Un peu de mort fine - Extrait

bertrandb

-EXTRAIT-

Je me suis retrouvé mort, ce matin, au beau milieu de mon salon. Enfin, pas exactement au milieu. Un peu sur le côté, sur le tapis à poils gris, entre le canapé et la table basse, les pieds face à la porte de la cuisine.

Ma mort fut un choc, je ne m'y attendais vraiment pas. Heureusement, on était dimanche.

Comment en étais-je arrivé là ?

Hm. Pas facile de faire le tri dans mes souvenirs avec un mal de crâne pareil, mais il me semble que j'étais en pleine conversation avec mon oreiller. Oui, c'est ça. Mon oreiller, ergonomique, qui, du haut de son confort incomparable et hors de prix me reprochait la biture de la veille. Et là, sûrement un bruit sourd au salon, ou à la cuisine, qui m'a tiré de ma traditionnelle gueule de bois dominicale.

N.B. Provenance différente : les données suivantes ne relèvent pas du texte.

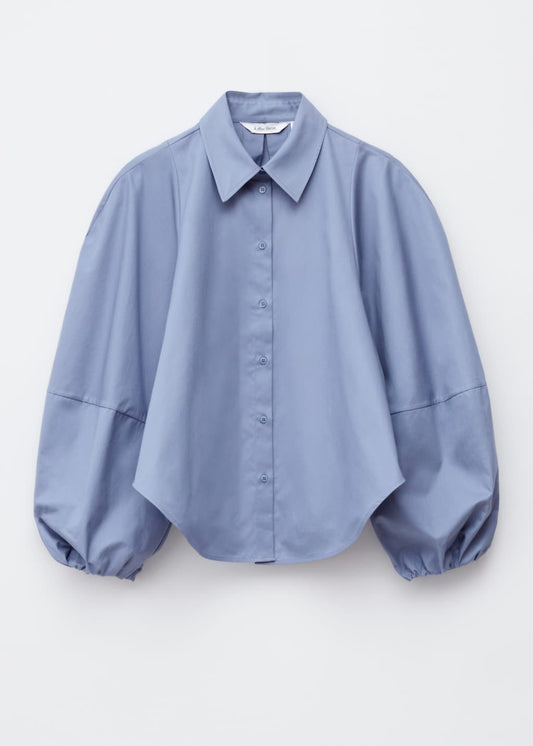 Voluminous Balloon-Sleeve Blouse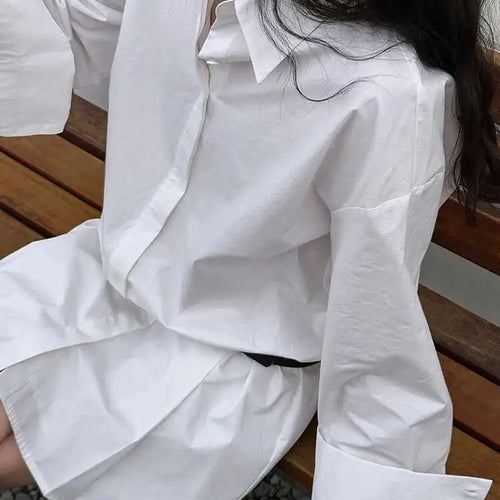 Load image into Gallery viewer, Women White Hem Pleated Elegant Big Size Mini Shirt Dress New Lapel Long Sleeve Fashion Tide Spring Autumn 2025 1DH9552
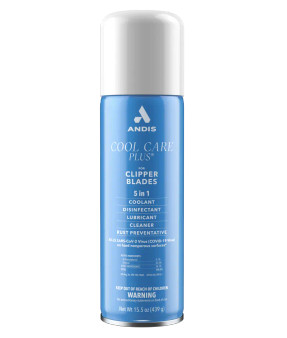 Andis Cool Care Plus 5-in-1 Clipper Blade Spray (15.5 oz). Front view showing the 5 key functions: Coolant, Disinfectant, Lubricant, Cleaner, Rust Preventative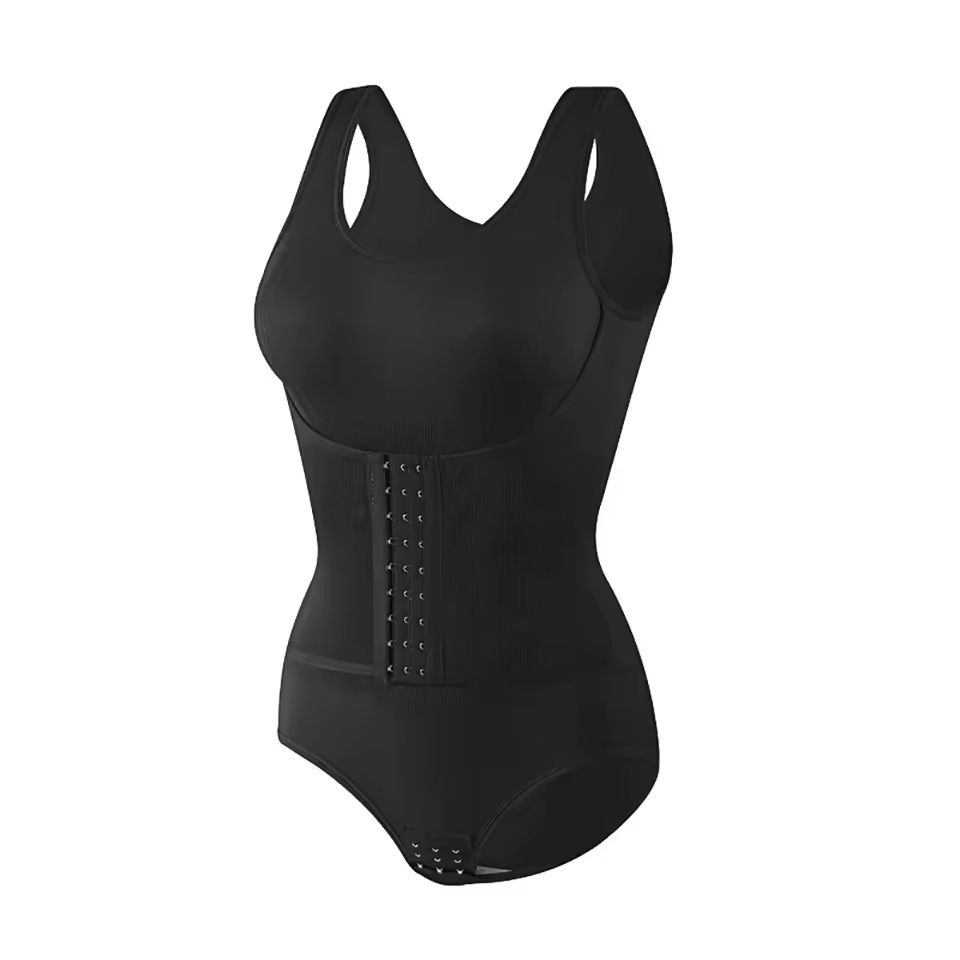 Zipper Waist Trainer Bodysuit Tummy Control Shapewear With Belt 3xl black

Je me souviens m'être levé péniblement, avoir enfilé le jean et le T-shirt pas frais de la veille et avoir traversé mollement le couloir, en me demandant probablement lequel d’Euclide ou de Fibonacci, mes chats, avait encore pu causer une catastrophe.

Je veux bien admettre que, dernièrement, ma mémoire m’a fait défaut et, qu’il s’agisse de l’âge ou des excès éthyliques de mon presque récent célibat, mes souvenirs sont parfois bien brouillés. Mais, par contre, ce qui vient de se passer est une certitude. Je suis entré dans le salon et je me suis retrouvé, disais-je, mort au pied du canapé. Et je n'ai rien vu venir. Je persiste à le dire, je ne m'y attendais vraiment pas.

D'ailleurs, qui s'y attendrait ?

En même temps, c'est souvent comme ça que les drames se font. On pense à autre chose, ou à rien et, hop, tout bascule. Il n’y a que dans les mauvais films qu’une épaisse musique nous mets la puce à l’oreille avec ses gros sabots en fer forgé.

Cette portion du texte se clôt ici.